Your assignment: Include the line with "豪华影音效果图正 家庭影院装修 影音房装修" and every line before it in the entries below, echoed exactly, but not the pictures.

##### Given data #####

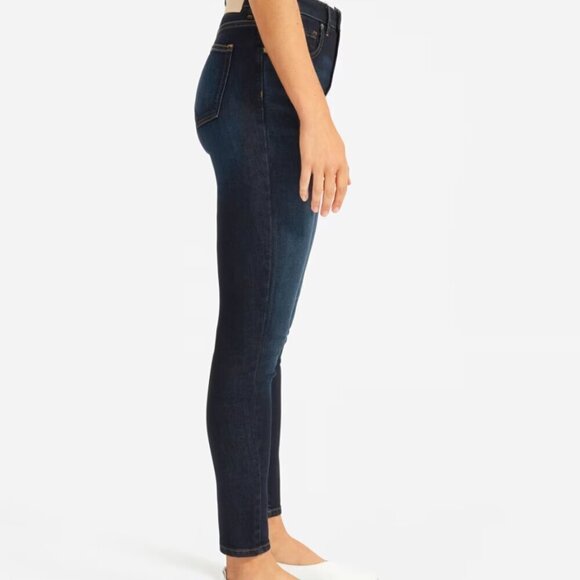 Everlane The Curvy High Rise Skinny Jean Cropped Size 25 - Picture 3 of 12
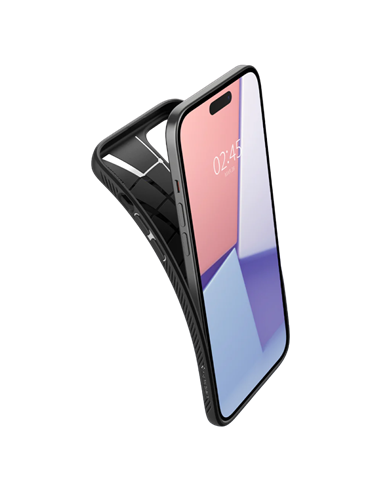 Husă Spigen iPhone 15 Plus Liquid Air, Negru Mat
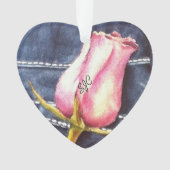DENIM ROZE ROSEBUD VALENTIJN ORNAMENT (voorkant)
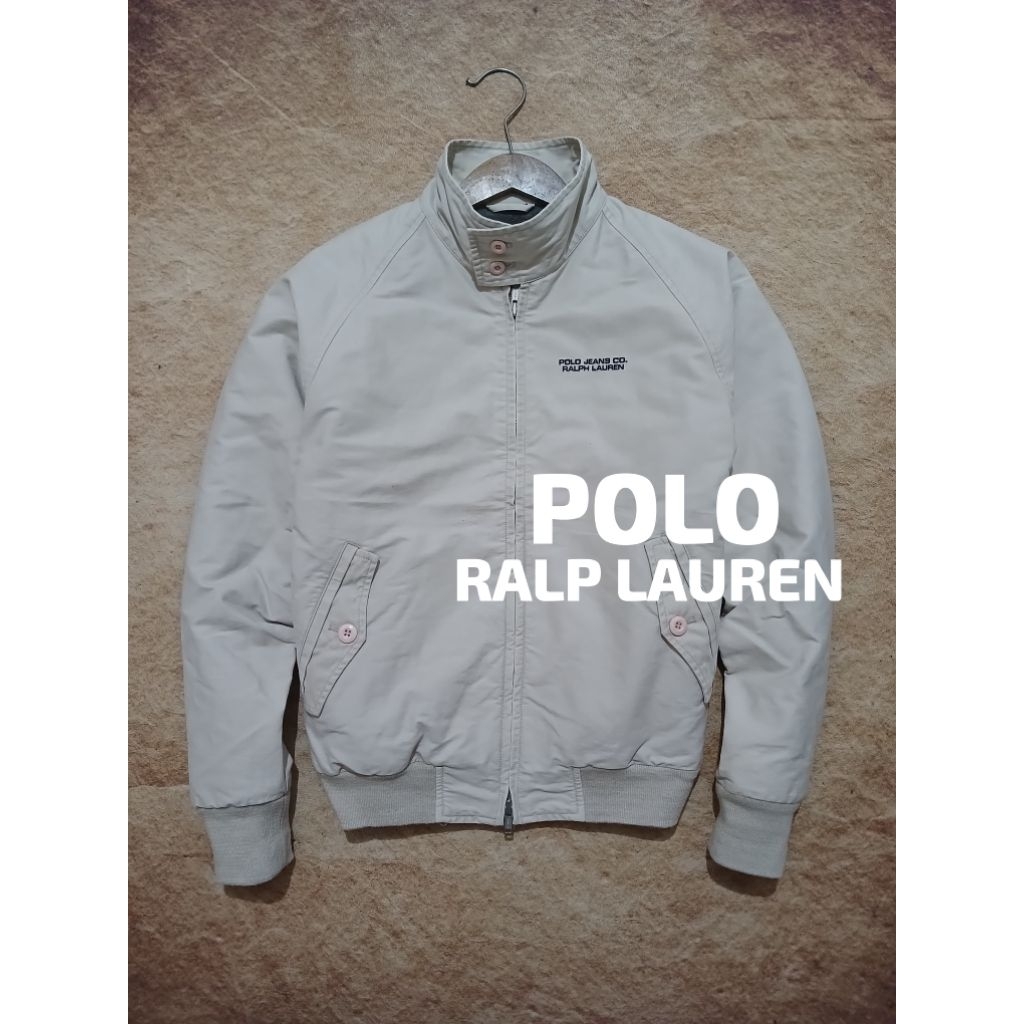 Jaket harrington POLO RALP LAURENT bahan kanvas bekas pakai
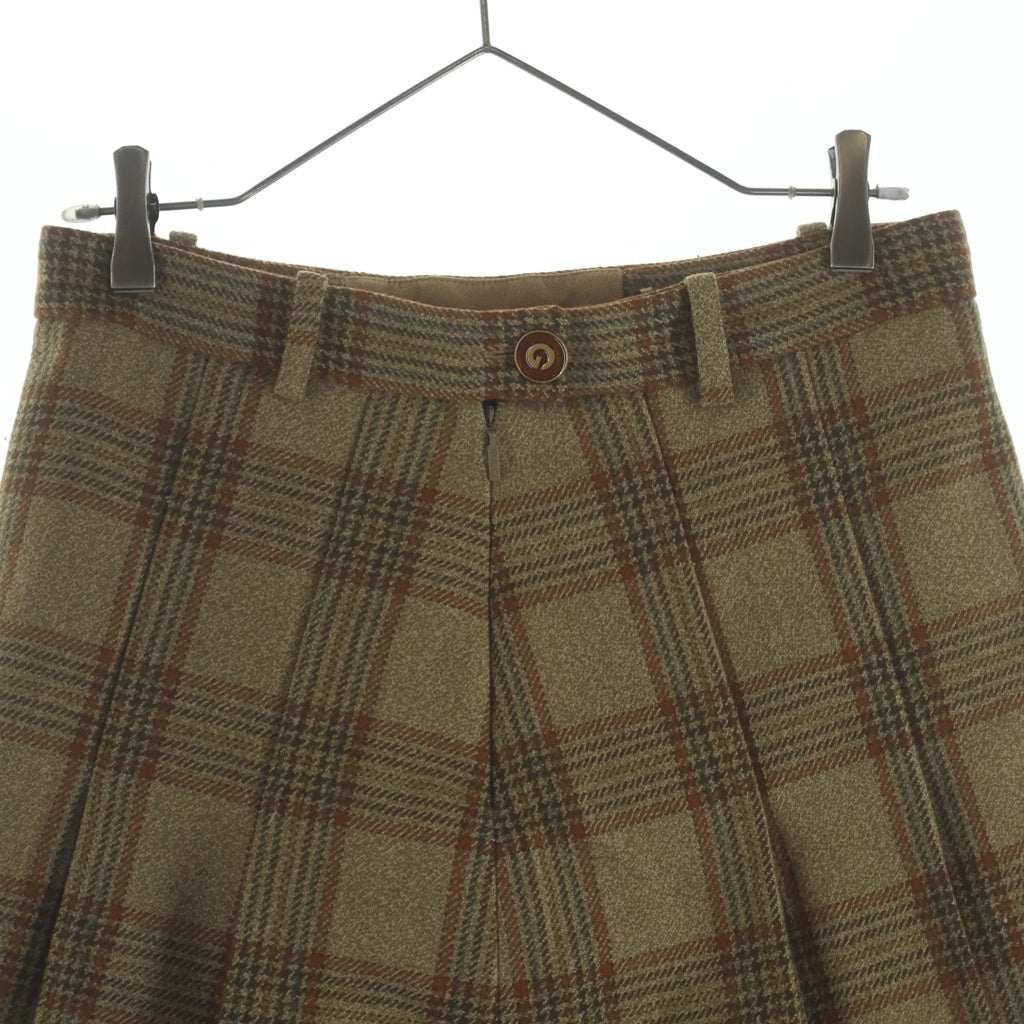 GUCCI(グッチ) チェック プリーツスカート レディース ベージュ 530683 ZLD97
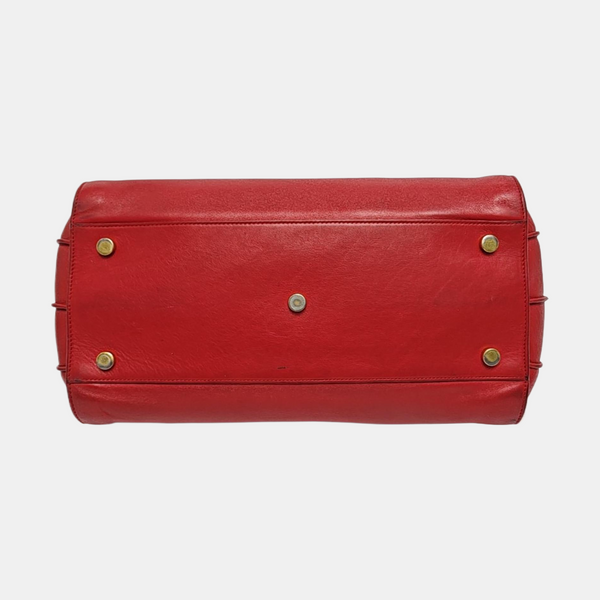 Authenticated pre-owned  SAC DE JOUR Small Calfskin Red - Shoulder Bag at Looply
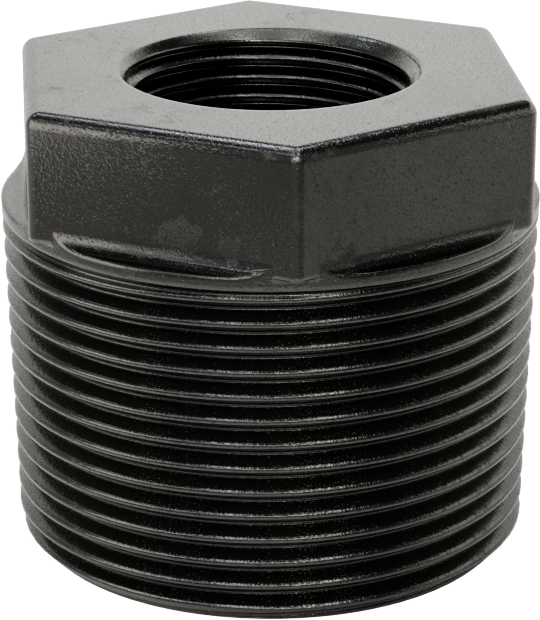 Düz Tanklar için Düşük Basınçlı Bağlantı Parçası, Demir, Burç Adaptörü, 1-1/2 Erkek x 3/4 Dişi NPT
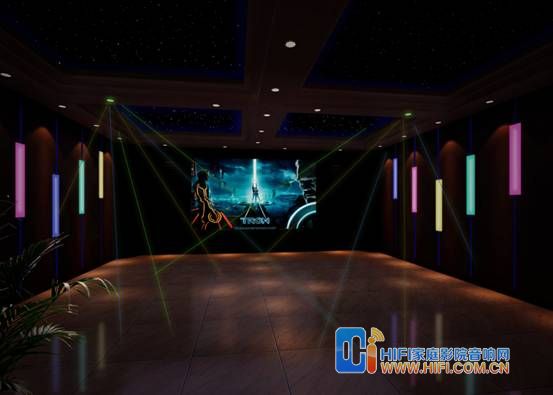 豪华影音效果图正 家庭影院装修 影音房装修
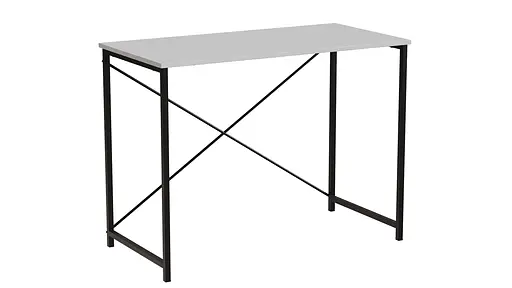 Стол письменный Line Лайт Ferrum-decor 750x1000x500 Черный металл ДСП Белый 16 мм (FRD-104836) - фото 3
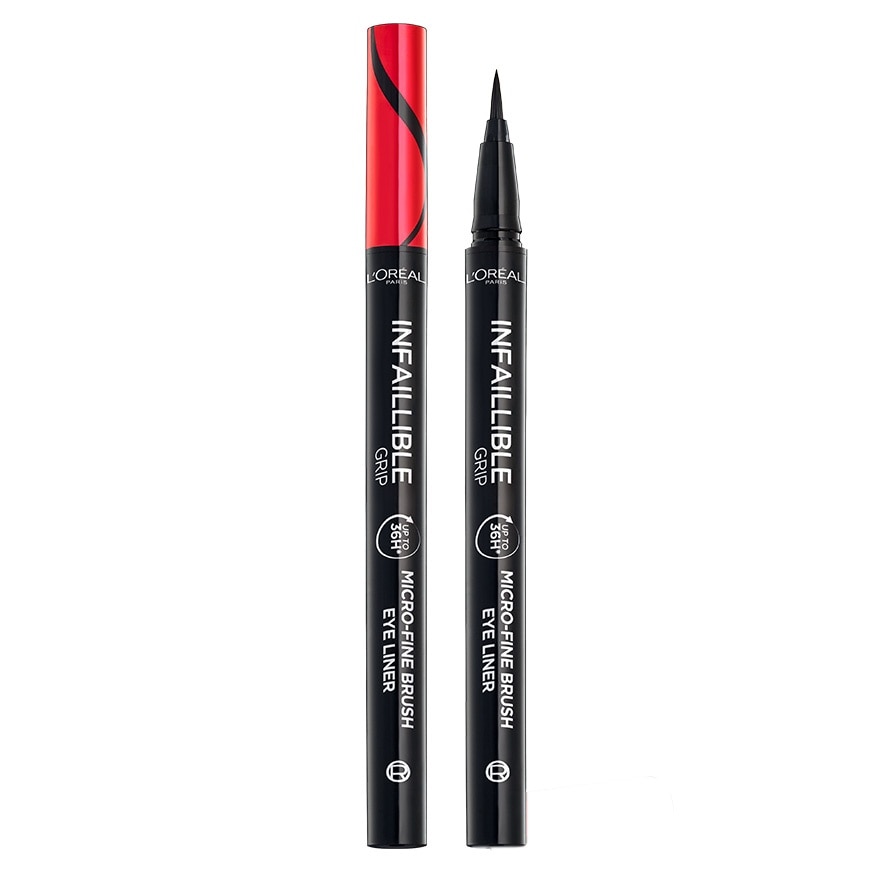 L'Oreal Makeup #L'Oreal Micro Fine Brush Eyeliner Black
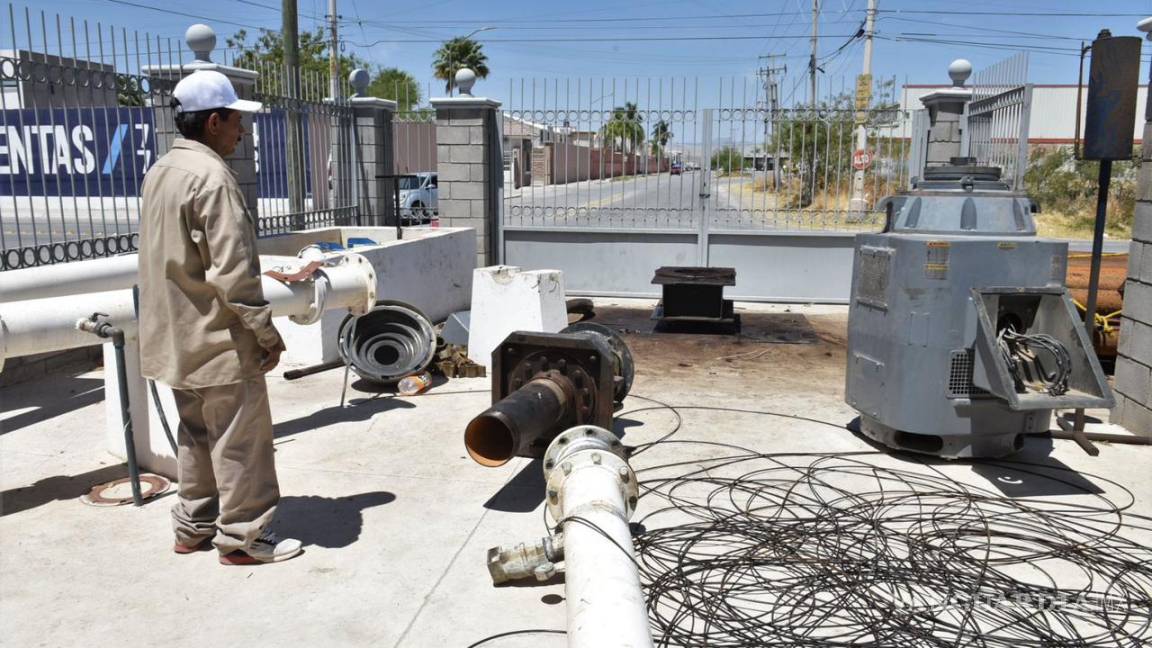 SIMAS Torreón restablece cinco bombas afectadas por falta de energía eléctrica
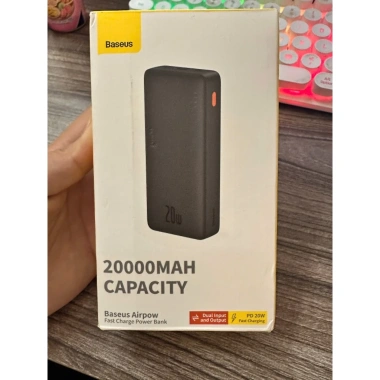 Pin sạc dự phòng Baseus 20.000mAh 30W kèm 2 dây TypeC - New FullBox BH, giá 329k 7 Pin sạc dự phòng Baseus 20.000mAh 30W kèm 2 dây TypeC - New FullBox BH, giá 329k 7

#####

Your response:
 Everlane The Curvy High Rise Skinny Jean Cropped Size 25 - Picture 3 of 12
 Husă Spigen iPhone 15 Plus Liquid Air, Negru Mat
DENIM ROZE ROSEBUD VALENTIJN ORNAMENT (voorkant)
 Jaket harrington POLO RALP LAURENT bahan kanvas bekas pakai
 GUCCI(グッチ) チェック プリーツスカート レディース ベージュ 530683 ZLD97
 Authenticated pre-owned  SAC DE JOUR Small Calfskin Red - Shoulder Bag at Looply
 Düz Tanklar için Düşük Basınçlı Bağlantı Parçası, Demir, Burç Adaptörü, 1-1/2 Erkek x 3/4 Dişi NPT
 豪华影音效果图正 家庭影院装修 影音房装修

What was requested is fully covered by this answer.